START Data excerpt

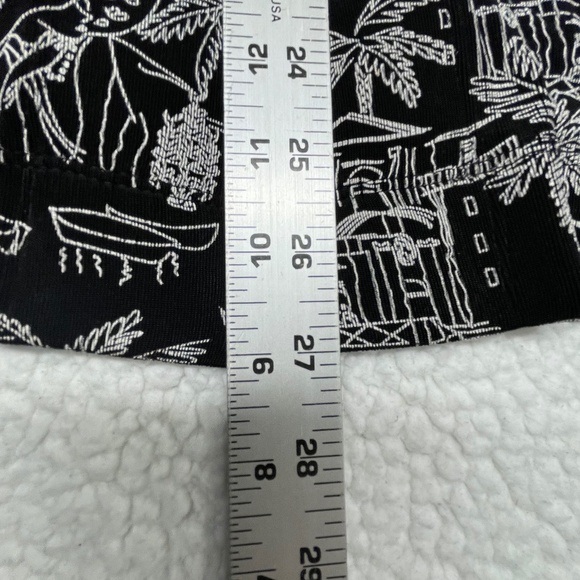 Chico’s Traveler Size 3 Black Women’s Knit Full Zip Hoodie - Picture 12 of 13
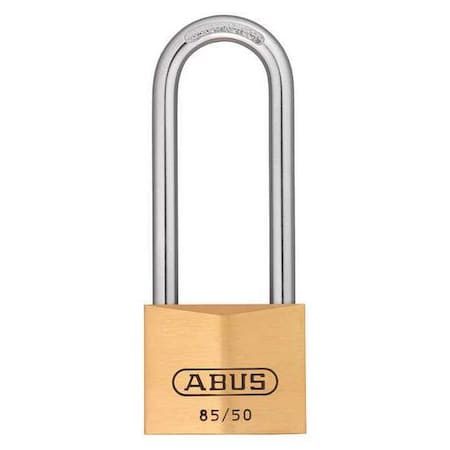 Padlock, Master Keyed, Long Shackle, Rectangular Brass Body, Steel Shackle, 1 3/16 in W MPN:85HB/50 MK KD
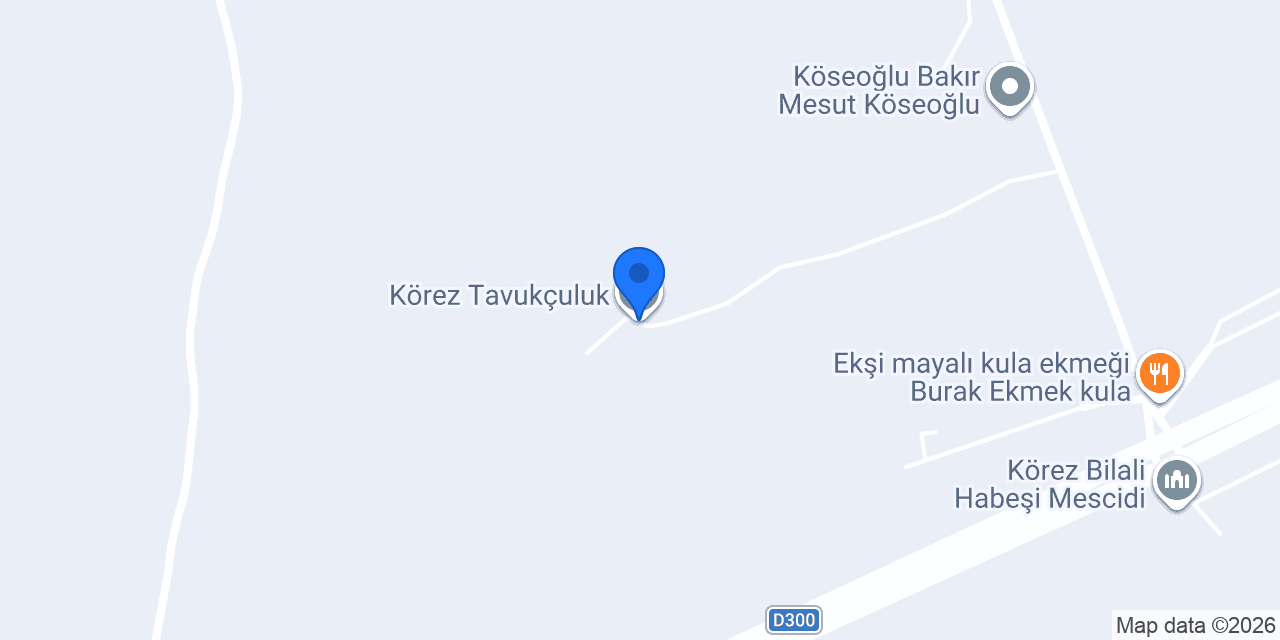 Körez Tavukçuluk konumu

END Data excerpt

Exercise requirements
Please repeat everything in the data above except the pictures, exactly as it reads.

Answer to this problem
 Chico’s Traveler Size 3 Black Women’s Knit Full Zip Hoodie - Picture 12 of 13
 Padlock, Master Keyed, Long Shackle, Rectangular Brass Body, Steel Shackle, 1 3/16 in W MPN:85HB/50 MK KD
 Körez Tavukçuluk konumu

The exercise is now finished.